These specific considerations aside, the court has, as he went on to point out, a “single discretion”, to be exercised in accordance with all the circumstances of the case, taking account of these various factors as appropriate. The judgment has been rightly described as “a thorough and valuable review of the authorities” and been relied on by other judges since (see The Complete Retreats Liquidating Trust v Geoffrey Logue [2010] EWHC 1864 (Ch) at [60], Roth J).
In its submissions, the bank relies on the general rule that the court should discharge an order obtained in breach and refuse to renew the order until trial, and that the jurisdiction to continue or re-grant the order should be used sparingly. It contends that a high degree of culpability attaches to the non-disclosures/misrepresentations demonstrated. Mr. Khoroshilov knew the true position but chose not to be full and frank. The matters not disclosed to the court were highly important and significant. The court’s ability to weigh the merits of the applicants’ claim albeit without conducting a simple balancing exercise does not favour a re-grant of the injunction (because the Khoroshilov parties’ claim lacks merits/credibility). The policy objective of upholding the public interest in requiring full and frank disclosure is, it is submitted, a powerful factor against the re-grant of any injunction.
I accept that the Arena principles apply to the present case, but keep in mind that they are concerned with the case of a freezing injunction (and Anton Piller search order) in which the nature of the order is draconian, and there are particularly strong policy reasons for refusing to renew an order obtained in breach of the required standard. I also keep in mind the fact that I have only accepted part of the bank’s case in this regard. Nevertheless, both matters I have found proved were important, and there is, in my view, a significant degree of culpability on the part of the applicants in this respect. The injunctions related to consent judgments entered after a trial had begun (and an arbitration award). There is a significant public interest in such circumstances, and it would not, in my view, be disproportionate to decline to renew the injunctions. Nevertheless, I bear in mind that there is a “single discretion” to be exercised, and before reaching a conclusion must give consideration also to the balance of convenience.
Balance of convenience
I begin by summarising the parties’ respective cases in this regard.
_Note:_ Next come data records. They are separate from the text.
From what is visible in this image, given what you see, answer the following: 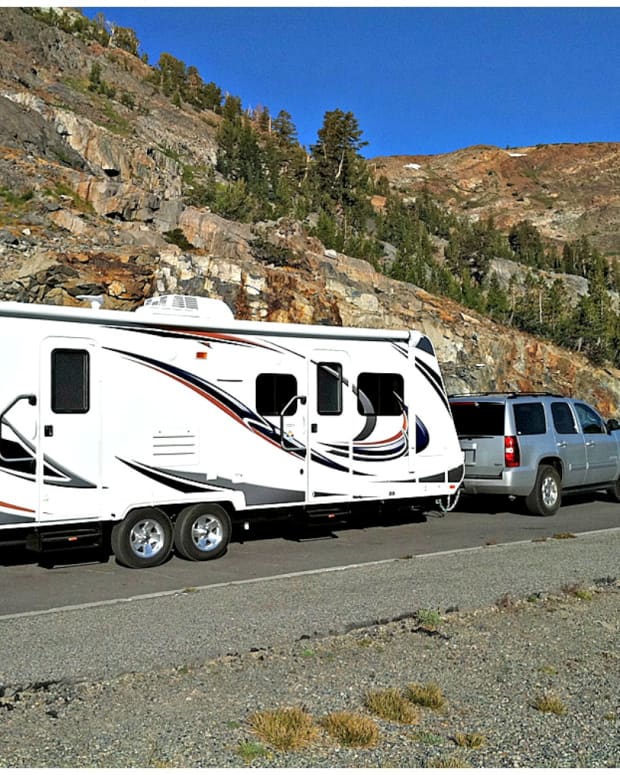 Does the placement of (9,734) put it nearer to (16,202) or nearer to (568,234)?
(16,202)

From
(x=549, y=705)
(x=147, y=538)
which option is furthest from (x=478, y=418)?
(x=549, y=705)

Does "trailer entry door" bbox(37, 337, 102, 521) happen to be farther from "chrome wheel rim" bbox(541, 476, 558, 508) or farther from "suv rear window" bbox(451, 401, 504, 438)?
"chrome wheel rim" bbox(541, 476, 558, 508)

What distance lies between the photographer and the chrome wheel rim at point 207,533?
11.3m

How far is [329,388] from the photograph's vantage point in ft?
41.3

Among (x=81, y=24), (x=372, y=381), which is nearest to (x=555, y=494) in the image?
(x=372, y=381)

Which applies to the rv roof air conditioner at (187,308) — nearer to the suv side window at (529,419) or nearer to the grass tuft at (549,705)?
the suv side window at (529,419)

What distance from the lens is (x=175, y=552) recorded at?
11.6 m

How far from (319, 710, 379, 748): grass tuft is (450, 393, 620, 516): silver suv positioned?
10.4 m

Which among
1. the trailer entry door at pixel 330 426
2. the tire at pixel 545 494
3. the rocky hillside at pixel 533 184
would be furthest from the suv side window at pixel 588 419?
the rocky hillside at pixel 533 184

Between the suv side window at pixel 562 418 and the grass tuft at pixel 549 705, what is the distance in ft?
36.0

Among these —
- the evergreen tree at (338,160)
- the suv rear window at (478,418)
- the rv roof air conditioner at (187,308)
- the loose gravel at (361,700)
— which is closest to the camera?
the loose gravel at (361,700)

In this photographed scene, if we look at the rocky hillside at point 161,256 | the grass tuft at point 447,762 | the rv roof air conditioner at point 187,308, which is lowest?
the grass tuft at point 447,762

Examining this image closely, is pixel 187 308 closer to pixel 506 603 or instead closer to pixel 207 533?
pixel 207 533

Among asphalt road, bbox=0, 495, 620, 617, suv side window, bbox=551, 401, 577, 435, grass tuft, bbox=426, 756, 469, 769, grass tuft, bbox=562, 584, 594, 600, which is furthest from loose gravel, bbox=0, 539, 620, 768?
suv side window, bbox=551, 401, 577, 435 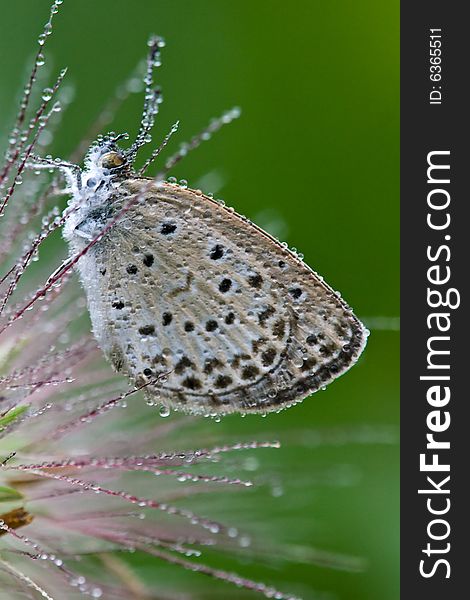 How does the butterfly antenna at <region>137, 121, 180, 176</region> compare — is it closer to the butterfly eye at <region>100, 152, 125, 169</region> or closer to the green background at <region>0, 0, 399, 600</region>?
the butterfly eye at <region>100, 152, 125, 169</region>

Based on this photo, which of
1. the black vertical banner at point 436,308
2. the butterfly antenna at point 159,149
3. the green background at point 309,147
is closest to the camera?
the butterfly antenna at point 159,149

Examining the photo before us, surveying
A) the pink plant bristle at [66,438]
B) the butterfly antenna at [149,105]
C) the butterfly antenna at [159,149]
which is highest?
the butterfly antenna at [149,105]

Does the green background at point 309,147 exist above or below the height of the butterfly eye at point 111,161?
above

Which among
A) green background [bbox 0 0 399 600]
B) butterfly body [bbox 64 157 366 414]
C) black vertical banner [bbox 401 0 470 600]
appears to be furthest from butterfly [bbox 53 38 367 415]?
green background [bbox 0 0 399 600]

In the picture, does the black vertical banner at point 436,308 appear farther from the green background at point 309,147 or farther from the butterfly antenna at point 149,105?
the butterfly antenna at point 149,105

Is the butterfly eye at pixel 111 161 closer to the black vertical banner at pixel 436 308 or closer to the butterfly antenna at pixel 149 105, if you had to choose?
the butterfly antenna at pixel 149 105

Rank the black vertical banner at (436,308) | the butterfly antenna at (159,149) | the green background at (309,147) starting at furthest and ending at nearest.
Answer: the green background at (309,147) → the black vertical banner at (436,308) → the butterfly antenna at (159,149)

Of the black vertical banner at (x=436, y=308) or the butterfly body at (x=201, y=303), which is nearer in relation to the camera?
the butterfly body at (x=201, y=303)

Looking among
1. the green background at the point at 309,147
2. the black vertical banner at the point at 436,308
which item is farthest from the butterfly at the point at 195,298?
the green background at the point at 309,147
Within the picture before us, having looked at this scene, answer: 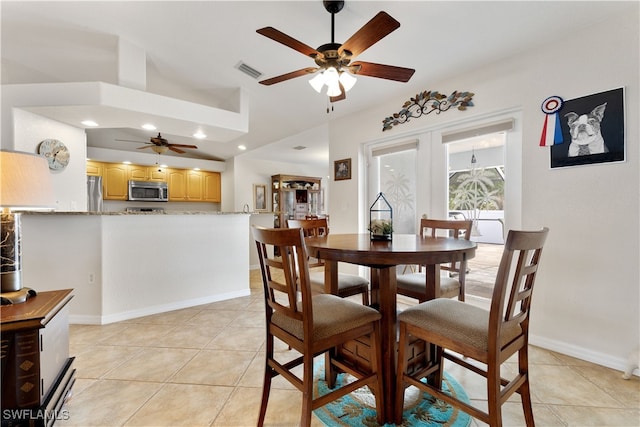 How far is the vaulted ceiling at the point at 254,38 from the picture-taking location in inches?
81.9

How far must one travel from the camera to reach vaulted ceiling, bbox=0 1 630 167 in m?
2.08

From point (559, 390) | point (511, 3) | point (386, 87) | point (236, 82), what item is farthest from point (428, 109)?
point (559, 390)

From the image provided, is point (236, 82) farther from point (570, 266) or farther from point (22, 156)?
point (570, 266)

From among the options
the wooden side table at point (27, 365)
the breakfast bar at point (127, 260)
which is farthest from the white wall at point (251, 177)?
the wooden side table at point (27, 365)

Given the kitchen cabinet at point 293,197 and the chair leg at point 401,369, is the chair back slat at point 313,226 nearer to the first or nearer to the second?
the chair leg at point 401,369

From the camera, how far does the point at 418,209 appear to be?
3.28m

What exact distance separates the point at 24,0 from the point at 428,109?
142 inches

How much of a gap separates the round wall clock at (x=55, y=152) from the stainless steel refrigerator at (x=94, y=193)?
237 centimetres

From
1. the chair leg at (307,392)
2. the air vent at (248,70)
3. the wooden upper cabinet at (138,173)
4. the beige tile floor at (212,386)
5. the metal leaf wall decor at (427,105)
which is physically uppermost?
the air vent at (248,70)

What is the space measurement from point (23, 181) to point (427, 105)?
3.28 meters

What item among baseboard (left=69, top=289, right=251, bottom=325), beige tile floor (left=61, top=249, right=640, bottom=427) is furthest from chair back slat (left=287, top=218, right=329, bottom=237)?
baseboard (left=69, top=289, right=251, bottom=325)

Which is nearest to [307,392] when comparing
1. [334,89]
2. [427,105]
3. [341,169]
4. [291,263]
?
[291,263]

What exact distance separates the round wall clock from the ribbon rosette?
4.77 metres

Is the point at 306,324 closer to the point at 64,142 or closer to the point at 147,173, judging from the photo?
→ the point at 64,142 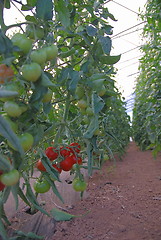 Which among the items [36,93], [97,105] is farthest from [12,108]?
[97,105]

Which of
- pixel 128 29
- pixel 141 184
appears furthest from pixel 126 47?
pixel 141 184

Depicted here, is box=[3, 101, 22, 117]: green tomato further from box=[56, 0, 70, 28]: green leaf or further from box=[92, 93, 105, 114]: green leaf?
box=[56, 0, 70, 28]: green leaf

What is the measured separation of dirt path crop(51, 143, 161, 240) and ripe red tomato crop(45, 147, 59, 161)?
81 cm

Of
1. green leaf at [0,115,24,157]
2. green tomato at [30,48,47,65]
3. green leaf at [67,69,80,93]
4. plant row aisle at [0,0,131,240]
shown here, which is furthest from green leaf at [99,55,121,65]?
green leaf at [0,115,24,157]

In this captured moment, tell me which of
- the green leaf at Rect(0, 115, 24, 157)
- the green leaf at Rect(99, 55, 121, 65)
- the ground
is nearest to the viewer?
the green leaf at Rect(0, 115, 24, 157)

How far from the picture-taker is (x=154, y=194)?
2.42 metres

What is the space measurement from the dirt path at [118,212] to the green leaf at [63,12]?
1223 mm

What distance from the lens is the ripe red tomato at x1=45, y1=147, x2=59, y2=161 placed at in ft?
2.91

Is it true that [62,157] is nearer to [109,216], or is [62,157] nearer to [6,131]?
[6,131]

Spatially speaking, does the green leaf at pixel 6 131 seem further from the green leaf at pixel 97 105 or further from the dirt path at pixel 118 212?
the dirt path at pixel 118 212

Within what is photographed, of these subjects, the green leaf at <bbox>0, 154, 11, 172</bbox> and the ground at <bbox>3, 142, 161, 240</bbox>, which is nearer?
the green leaf at <bbox>0, 154, 11, 172</bbox>

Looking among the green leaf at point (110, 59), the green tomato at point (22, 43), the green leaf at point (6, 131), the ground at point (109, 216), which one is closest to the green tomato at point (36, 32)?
the green tomato at point (22, 43)

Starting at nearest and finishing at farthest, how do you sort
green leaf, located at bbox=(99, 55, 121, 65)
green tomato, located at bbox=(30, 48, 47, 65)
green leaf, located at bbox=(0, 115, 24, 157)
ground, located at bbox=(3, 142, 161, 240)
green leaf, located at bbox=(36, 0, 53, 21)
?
1. green leaf, located at bbox=(0, 115, 24, 157)
2. green tomato, located at bbox=(30, 48, 47, 65)
3. green leaf, located at bbox=(36, 0, 53, 21)
4. green leaf, located at bbox=(99, 55, 121, 65)
5. ground, located at bbox=(3, 142, 161, 240)

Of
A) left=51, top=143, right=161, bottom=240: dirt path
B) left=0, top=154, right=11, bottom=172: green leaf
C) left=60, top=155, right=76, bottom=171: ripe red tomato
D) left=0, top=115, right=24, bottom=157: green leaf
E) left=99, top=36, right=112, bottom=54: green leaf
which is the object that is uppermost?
left=99, top=36, right=112, bottom=54: green leaf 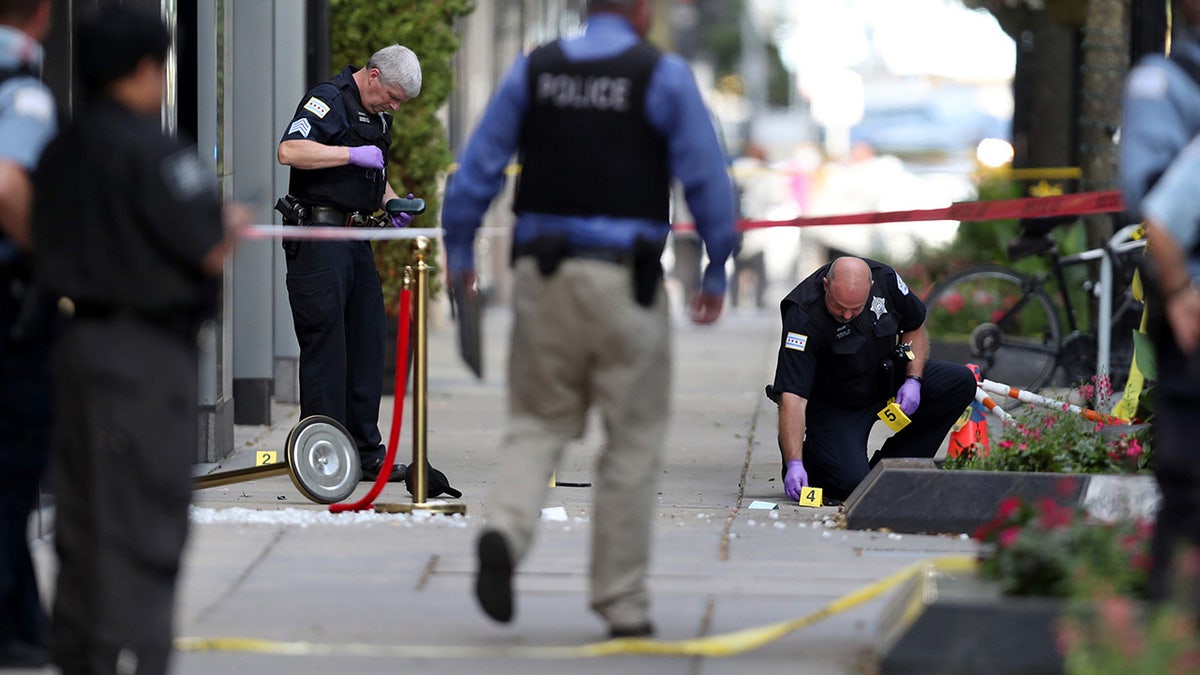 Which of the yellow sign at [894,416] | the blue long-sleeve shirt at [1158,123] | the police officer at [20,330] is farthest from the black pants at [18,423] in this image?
the yellow sign at [894,416]

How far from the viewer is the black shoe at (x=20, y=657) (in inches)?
191

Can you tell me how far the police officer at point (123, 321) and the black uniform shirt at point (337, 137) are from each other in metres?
3.43

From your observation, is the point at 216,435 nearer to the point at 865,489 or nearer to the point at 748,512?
the point at 748,512

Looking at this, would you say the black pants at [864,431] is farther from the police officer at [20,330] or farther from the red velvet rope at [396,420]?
the police officer at [20,330]

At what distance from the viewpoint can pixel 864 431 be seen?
8.14 m

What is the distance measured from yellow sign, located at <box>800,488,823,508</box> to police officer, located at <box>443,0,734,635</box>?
270 cm

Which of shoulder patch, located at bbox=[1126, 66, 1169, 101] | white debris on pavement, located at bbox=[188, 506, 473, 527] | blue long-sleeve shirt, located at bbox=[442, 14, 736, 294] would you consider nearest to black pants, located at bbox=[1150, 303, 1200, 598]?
shoulder patch, located at bbox=[1126, 66, 1169, 101]

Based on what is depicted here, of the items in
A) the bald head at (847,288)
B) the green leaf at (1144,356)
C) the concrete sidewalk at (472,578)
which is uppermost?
the bald head at (847,288)

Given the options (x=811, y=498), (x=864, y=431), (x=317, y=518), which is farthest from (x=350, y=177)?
(x=864, y=431)

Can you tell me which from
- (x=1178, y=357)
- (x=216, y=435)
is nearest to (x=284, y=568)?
(x=216, y=435)

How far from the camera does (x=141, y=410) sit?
14.0 feet

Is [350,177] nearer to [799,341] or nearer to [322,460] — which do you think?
[322,460]

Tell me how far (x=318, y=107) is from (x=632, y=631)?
130 inches

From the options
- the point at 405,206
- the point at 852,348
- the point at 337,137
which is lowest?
the point at 852,348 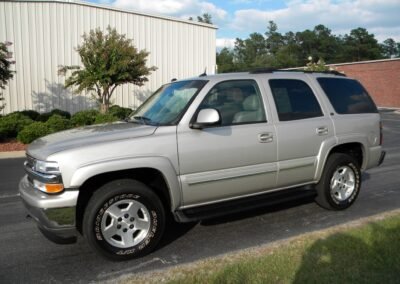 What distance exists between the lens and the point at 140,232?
4543 mm

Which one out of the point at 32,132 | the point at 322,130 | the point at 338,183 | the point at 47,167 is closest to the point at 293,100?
the point at 322,130

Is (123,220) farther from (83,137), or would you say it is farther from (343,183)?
(343,183)

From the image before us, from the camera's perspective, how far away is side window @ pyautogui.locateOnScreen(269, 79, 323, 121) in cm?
550

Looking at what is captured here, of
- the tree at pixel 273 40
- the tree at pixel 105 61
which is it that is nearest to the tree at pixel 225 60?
the tree at pixel 273 40

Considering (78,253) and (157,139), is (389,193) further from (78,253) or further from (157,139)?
(78,253)

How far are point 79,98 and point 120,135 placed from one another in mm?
18280

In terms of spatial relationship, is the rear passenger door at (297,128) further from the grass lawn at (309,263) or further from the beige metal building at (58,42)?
the beige metal building at (58,42)

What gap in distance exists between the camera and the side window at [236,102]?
505 centimetres

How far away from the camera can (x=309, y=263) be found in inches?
160

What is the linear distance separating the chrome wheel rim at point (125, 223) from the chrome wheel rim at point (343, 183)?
287 cm

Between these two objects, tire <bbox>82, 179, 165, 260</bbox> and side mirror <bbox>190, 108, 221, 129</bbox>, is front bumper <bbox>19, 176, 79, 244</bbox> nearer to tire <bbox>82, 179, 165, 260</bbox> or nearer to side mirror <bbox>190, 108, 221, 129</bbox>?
tire <bbox>82, 179, 165, 260</bbox>

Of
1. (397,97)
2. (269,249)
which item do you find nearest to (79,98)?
(269,249)

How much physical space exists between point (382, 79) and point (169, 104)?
36.3m

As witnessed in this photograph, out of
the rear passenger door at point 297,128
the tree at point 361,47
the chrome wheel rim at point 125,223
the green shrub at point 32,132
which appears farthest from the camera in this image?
the tree at point 361,47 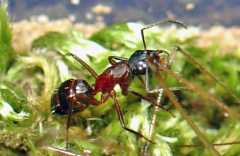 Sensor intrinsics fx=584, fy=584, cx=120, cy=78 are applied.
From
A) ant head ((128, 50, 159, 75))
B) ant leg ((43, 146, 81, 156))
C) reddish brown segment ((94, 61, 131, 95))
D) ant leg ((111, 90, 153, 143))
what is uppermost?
ant head ((128, 50, 159, 75))

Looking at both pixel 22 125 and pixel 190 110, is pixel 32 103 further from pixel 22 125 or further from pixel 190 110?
pixel 190 110

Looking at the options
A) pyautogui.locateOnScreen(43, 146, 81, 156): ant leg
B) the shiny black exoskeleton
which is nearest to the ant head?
the shiny black exoskeleton

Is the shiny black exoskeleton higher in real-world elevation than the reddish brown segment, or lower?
higher

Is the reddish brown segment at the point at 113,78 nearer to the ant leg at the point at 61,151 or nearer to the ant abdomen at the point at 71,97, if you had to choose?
the ant abdomen at the point at 71,97

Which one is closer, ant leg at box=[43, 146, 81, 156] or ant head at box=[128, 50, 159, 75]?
ant leg at box=[43, 146, 81, 156]

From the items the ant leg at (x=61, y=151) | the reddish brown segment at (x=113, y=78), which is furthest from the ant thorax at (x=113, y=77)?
the ant leg at (x=61, y=151)

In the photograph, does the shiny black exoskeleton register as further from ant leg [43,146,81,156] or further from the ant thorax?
ant leg [43,146,81,156] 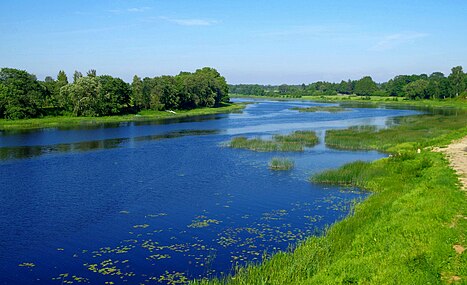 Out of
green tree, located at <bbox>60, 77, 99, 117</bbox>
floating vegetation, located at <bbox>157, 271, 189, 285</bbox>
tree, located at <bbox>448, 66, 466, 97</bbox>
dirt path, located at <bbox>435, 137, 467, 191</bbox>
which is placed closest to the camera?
floating vegetation, located at <bbox>157, 271, 189, 285</bbox>

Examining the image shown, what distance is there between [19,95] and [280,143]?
61077mm

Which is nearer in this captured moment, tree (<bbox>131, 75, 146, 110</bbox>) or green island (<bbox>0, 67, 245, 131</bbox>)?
green island (<bbox>0, 67, 245, 131</bbox>)

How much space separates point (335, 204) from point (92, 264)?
55.8 feet

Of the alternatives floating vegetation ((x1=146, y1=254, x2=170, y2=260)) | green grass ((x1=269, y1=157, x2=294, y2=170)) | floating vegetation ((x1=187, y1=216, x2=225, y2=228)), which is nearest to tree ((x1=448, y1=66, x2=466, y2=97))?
green grass ((x1=269, y1=157, x2=294, y2=170))

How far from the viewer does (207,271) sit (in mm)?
18938

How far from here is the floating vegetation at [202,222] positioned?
83.8 ft

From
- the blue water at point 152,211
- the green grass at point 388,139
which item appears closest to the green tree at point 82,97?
the blue water at point 152,211

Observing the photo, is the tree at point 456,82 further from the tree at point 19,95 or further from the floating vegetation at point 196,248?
the floating vegetation at point 196,248

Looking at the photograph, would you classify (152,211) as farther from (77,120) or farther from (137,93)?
(137,93)

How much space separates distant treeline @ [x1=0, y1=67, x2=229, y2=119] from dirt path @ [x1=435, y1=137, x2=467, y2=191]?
7853cm

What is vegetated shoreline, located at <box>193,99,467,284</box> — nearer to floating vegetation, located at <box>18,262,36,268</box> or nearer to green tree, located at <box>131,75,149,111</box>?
floating vegetation, located at <box>18,262,36,268</box>

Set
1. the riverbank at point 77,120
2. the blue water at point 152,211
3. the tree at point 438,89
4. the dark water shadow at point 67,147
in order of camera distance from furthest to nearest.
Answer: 1. the tree at point 438,89
2. the riverbank at point 77,120
3. the dark water shadow at point 67,147
4. the blue water at point 152,211

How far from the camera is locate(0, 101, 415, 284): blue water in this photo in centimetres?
2002

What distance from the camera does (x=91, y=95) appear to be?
99938mm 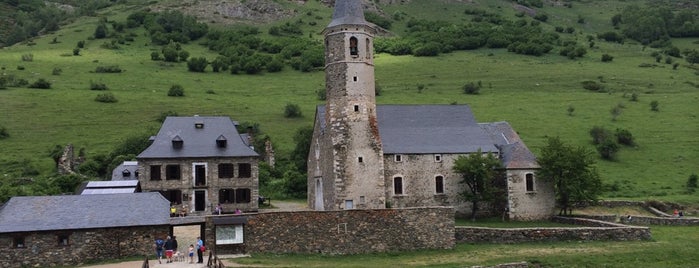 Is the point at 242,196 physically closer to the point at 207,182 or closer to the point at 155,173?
the point at 207,182

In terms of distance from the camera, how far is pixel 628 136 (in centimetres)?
7619

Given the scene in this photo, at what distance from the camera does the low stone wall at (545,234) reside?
37.8m

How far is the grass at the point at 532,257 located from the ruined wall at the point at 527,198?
10628 mm

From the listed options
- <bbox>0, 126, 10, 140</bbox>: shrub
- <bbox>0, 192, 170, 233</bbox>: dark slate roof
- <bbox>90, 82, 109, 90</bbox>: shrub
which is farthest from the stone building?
<bbox>90, 82, 109, 90</bbox>: shrub

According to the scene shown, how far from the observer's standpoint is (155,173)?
2050 inches

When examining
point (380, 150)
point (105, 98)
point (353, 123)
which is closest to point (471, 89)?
point (105, 98)

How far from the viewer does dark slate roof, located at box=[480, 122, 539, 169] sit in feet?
159

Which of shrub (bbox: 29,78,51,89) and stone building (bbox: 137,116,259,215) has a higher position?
shrub (bbox: 29,78,51,89)

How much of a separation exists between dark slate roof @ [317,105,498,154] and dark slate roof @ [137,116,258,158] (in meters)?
8.26

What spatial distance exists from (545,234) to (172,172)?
3002 centimetres

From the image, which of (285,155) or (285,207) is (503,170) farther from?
(285,155)

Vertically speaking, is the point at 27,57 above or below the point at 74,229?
above

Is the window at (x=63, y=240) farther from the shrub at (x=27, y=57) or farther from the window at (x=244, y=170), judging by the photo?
the shrub at (x=27, y=57)

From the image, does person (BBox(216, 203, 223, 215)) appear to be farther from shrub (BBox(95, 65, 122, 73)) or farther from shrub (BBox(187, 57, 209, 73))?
shrub (BBox(187, 57, 209, 73)) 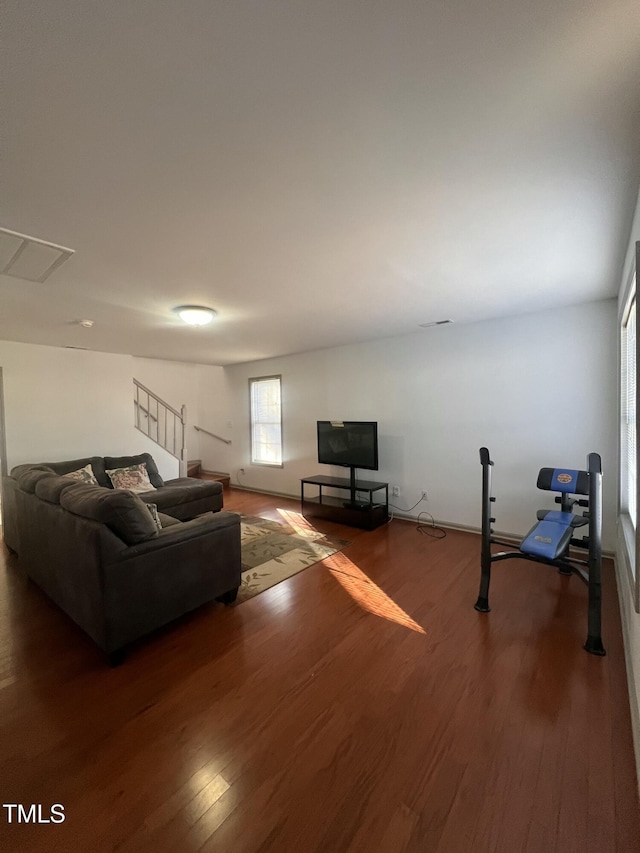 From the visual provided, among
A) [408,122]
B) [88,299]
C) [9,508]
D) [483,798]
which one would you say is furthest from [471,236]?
[9,508]

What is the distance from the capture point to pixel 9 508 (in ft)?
11.9

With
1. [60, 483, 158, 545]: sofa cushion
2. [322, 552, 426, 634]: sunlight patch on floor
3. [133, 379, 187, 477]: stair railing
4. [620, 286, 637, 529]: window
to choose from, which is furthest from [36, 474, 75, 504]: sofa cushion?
[620, 286, 637, 529]: window

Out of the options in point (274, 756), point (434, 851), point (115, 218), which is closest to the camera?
point (434, 851)

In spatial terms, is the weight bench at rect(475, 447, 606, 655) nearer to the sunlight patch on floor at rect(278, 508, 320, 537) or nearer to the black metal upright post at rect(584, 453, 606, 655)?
the black metal upright post at rect(584, 453, 606, 655)

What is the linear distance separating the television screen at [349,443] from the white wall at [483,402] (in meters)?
0.32

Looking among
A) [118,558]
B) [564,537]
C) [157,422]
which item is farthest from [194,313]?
[157,422]

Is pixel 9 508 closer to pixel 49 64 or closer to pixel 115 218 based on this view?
pixel 115 218

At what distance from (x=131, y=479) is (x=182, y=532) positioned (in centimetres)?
267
The loans to Talon and ONG in respect of which the consent judgments/arbitration award were entered are supported by security of various kinds, including pledges of the shares in the companies to the bank. The applicants’ case is that the bank has suffered and can suffer no prejudice whatever and can only sustain nominal loss (at most) by the grant and maintenance of the injunction, not least because it has ample security for the alleged indebtedness. RCB’s case is that if the injunctions are not set aside and the applicants were later to fail to have the judgments and award set aside, RCB (and indeed third parties such as VTB and other creditors) would suffer irreparable harm which the applicants would not be able to compensate.
The background
Because the judgments and the arbitration award are only part of a complicated overall picture as between the Khoroshilov companies and the bank which involves ongoing insolvency proceedings in Russia, it is necessary to say something more about the background (with the caveat that the details are not easy to evaluate and the precise details may not matter). While the English litigation was progressing, VTB made demands in respect of entirely separate loans and guarantees, which are subject to Russian law and jurisdiction. The applicants accept for the purpose of the present application that, as at June 2011, the judgments which RCB and VTB have obtained against TNI and ONG and their subsidiaries total US$2.1 billion. Of that sum, approximately US$1.5 billion is due pursuant to judgments obtained in Russia (under separate loans from those in issue in the English Court) in respect of which final appeals have been dismissed. VTB also has a judgment dated 16 October 2009 in Russia against Mr Khoroshilov under a guarantee in the sum of over US$70 million. The balance consists of the English judgments and award. I am told that no sum has been paid by the Khoroshilov parties in respect of any of these judgments.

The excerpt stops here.